こうした経緯から、企業が消費者をはじめとした「社会」から信頼を得るための施策として、CSRの考え方が普及しました。
国際規格はISO26000
ISO26000とは、2010年11月1日にISO(国際標準化機構)が発行した国際規格です。ISO26000の目標は、持続可能な発展への貢献を最大化させることです。それと同時に、人権と多様性の尊重という重要な概念も含んでいます。
ISO 26000の特徴として、認証を意図しない手引き書(ガイダンス)である点や、あらゆる組織に役立つよう意図して作られている点などが挙げられます。したがって、ISO26000 は、ISO9001や ISO14001のように規格認証に用いるためのものではありません。
CSRが注目される理由
いまでは当たり前に普及しているCSRですが、注目され始めたのは2000年代です。2000年代前半にバブル後の構造不況のなかで、表示の偽装や意図的な異物混入など、食の安全性が問われる事件が多発しました。これがCSR普及のきっかけです。また近年では、企業活動に伴う環境破壊への批判は、世界的な問題として取り上げられるなど、一層激しさを増しています。
このような経緯からもわかるように、2000年代以降の消費者は、企業の誠意や責任を重視しています。こうした消費者意識の変化に対応すべく、CSRは注目されるようになったのです。
CSRの7つの原則
ISO26000はCSRに関する国際規格です。
企業がCSRに取り組むうえで、下のような原則が必要とされています。
- 説明責任
企業活動が社会に与える影響について、十分に説明する必要があります。
- 透明性
組織による意思決定や活動内容に対して、透明性を持つ必要があります。
- 倫理的な行動
公平性や誠実さなど、倫理観に基づいた行動が求められます。
- ステークホルダーの利害の尊重
株主だけでなく、多様なステークホルダー(利害関係者)に配慮した企業活動が求められます。
- 法の支配の尊重
自社に適用される自他国の法令を尊重し、遵守する必要があります。
- 人権の尊重
重要かつ普遍的である人権を尊重する必要があります。
CSRと「SDGs」との違い
CSRとSDGsもよく混合されますが、両者は全く異なる言葉です。
SDGsとは、Sustainable Development Goalsの略称で、「持続可能な開発目標」を意味します。2030年までに持続可能な経済活動を達成すべく定められた開発目標のことです。国や自治体など、さまざまな主体が取り組んでいます。

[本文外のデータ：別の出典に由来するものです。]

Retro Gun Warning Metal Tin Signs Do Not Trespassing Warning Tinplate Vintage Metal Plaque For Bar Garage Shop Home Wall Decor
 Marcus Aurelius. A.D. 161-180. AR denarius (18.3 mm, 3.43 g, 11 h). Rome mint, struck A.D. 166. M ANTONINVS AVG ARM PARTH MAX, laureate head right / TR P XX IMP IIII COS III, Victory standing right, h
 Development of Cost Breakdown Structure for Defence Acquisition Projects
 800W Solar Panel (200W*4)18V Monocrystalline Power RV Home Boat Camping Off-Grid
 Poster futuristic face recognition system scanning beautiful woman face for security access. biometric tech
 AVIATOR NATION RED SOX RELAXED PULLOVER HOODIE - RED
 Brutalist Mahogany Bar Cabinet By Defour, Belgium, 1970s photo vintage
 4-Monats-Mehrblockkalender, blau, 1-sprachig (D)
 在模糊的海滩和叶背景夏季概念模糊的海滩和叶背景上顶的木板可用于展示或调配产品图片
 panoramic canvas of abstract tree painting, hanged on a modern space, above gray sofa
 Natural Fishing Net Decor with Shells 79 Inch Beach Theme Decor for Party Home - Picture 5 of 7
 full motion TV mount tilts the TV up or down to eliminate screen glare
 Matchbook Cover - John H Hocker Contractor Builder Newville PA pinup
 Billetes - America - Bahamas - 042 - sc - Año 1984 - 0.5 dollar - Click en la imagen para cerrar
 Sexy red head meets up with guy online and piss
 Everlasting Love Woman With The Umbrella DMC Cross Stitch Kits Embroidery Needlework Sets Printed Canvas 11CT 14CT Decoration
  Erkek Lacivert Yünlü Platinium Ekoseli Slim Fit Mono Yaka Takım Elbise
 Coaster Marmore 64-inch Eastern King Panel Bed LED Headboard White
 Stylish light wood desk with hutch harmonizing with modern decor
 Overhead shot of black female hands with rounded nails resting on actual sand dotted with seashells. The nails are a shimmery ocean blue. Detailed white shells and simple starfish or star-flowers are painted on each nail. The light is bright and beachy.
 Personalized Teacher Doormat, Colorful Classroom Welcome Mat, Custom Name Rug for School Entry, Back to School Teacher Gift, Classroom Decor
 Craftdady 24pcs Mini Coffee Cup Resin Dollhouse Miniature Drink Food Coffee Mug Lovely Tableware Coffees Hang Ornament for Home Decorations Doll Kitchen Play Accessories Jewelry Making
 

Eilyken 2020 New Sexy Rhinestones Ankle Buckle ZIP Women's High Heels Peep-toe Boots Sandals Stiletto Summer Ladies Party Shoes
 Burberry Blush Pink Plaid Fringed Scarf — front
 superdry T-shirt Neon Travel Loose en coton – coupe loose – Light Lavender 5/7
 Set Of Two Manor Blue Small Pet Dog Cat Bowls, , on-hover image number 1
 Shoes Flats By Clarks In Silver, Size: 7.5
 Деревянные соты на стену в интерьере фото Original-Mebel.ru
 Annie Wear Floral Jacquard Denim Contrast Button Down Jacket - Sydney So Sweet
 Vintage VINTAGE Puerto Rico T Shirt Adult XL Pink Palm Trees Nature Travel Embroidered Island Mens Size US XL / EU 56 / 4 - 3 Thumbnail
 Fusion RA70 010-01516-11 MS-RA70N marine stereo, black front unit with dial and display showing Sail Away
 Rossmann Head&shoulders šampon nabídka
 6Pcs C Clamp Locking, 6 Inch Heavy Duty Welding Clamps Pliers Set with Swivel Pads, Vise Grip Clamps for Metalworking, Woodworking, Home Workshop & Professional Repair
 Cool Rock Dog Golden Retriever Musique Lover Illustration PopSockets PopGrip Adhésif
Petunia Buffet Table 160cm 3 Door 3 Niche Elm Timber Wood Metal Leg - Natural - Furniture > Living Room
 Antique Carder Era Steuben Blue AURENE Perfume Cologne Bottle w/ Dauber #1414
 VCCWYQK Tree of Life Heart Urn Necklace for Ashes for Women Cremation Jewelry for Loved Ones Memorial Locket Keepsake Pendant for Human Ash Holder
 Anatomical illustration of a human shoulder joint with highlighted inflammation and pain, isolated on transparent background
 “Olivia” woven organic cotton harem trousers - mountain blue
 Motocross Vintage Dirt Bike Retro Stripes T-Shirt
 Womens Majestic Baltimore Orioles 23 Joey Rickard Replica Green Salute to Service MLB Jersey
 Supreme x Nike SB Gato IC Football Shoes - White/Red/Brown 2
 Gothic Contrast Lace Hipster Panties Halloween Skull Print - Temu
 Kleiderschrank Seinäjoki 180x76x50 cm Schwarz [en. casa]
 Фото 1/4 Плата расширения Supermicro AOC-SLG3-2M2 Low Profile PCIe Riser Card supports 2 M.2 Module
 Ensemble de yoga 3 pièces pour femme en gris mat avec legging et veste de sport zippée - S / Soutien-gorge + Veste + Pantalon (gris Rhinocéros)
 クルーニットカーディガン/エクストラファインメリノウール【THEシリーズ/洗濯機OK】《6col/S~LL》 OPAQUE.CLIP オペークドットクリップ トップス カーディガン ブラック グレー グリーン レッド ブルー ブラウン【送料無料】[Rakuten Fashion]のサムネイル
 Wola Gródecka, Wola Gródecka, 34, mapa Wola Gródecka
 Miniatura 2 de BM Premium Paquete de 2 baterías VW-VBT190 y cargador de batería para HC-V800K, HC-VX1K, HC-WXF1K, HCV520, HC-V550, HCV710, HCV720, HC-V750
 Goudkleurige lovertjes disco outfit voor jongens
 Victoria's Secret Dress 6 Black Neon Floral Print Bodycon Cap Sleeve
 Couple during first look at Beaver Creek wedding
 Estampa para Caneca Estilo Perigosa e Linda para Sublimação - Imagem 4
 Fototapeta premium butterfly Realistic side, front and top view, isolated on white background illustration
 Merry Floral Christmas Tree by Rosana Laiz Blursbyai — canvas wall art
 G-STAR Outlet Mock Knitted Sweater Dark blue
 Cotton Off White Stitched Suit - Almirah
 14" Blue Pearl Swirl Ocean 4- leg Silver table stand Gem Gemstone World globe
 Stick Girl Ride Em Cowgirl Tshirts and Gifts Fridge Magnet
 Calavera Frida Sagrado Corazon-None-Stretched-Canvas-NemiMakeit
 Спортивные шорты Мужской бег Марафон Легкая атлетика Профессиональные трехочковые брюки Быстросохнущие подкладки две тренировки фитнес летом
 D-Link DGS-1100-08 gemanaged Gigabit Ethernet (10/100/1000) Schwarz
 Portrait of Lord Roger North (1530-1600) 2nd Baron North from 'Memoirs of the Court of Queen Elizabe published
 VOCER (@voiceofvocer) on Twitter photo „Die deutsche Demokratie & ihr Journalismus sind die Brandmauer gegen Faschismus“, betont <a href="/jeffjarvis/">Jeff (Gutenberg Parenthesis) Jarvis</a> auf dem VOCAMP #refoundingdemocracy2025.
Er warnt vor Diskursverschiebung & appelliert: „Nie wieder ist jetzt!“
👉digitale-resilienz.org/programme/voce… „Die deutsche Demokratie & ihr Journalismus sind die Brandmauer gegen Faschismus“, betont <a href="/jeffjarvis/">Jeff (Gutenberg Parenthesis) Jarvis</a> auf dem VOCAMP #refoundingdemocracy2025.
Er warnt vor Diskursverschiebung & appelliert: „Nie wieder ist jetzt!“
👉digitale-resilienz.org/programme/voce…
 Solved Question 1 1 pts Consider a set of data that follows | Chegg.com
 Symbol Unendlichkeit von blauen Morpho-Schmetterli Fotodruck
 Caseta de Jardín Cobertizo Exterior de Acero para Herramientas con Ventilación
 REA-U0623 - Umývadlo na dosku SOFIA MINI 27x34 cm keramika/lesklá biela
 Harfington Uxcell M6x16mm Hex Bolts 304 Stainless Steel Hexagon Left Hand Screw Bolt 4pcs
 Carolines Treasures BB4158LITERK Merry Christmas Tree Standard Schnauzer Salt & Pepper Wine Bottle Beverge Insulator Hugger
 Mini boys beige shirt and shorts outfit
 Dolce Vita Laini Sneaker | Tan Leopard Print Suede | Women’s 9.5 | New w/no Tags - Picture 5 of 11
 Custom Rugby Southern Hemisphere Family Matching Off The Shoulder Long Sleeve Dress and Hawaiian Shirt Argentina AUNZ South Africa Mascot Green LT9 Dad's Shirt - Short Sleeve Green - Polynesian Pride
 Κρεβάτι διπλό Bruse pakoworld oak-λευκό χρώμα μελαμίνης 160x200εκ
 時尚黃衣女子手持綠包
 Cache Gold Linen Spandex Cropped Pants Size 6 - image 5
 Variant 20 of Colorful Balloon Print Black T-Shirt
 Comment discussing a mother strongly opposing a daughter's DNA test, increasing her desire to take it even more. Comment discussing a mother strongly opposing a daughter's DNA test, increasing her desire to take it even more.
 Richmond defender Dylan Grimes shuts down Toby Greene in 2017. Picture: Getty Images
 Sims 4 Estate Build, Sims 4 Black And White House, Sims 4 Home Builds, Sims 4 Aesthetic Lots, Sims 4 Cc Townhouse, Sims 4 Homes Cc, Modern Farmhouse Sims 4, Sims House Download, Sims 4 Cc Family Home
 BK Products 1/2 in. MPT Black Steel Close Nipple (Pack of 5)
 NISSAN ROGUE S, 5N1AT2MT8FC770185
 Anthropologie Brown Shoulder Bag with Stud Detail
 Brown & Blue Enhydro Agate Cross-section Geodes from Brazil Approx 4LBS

SDGsは決められた目標の達成を目的としているため、各主体の方針は似通っていることが特徴です。
一方CSRは、「企業の社会的責任」を意味します。
CSRの目的は、ステークホルダーをはじめとする社会から寄せられる声を聞き、期待を達成することで、ステークホルダーおよび社会からの信頼を獲得することです。
SDGsは国際会議で決定された世界共通の目標であるのに対して、CSRはステークホルダーなどからの要求に対して責任を果たす活動です。そのため、CSRのほうが活動内容を自由に選択でき、方針や取り組み内容にも大きな違いが生まれます。
企業がCSRに取り組むメリット
CSRについて理解はできても、CSRに取り組むメリットが分からない人もいるでしょう。
ここからは、CSRに取り組むメリットについて紹介します。
企業イメージが向上する
CSRを通して社会貢献することで、企業イメージを向上させることが可能です。
東京商工会議所が行った「企業の社会的責任」についてのアンケートによると、大企業の98.3%、中小企業の79.7%がCSR活動の目的として「企業イメージの向上」と回答しています。
企業イメージの向上によって、商品やサービスのイメージのみならず、商品やサービスへの安全性・信頼性も向上させられるでしょう。結果として市場競争力が高まり、利益向上につながると考えられます。
従業員の満足度が向上する
従業員の満足度向上も、CSR活動のメリットとして挙げられます。
自分の行動が社会貢献につながっているという意識は、自社で働くことのモチベーションの向上につながるためです。
東京商工会議所が行った「企業の社会的責任」についてのアンケートでは、大企業の72.9%、中小企業の52.9%がCSR活動に取り組む目的として「従業員の満足度の向上」と答えています。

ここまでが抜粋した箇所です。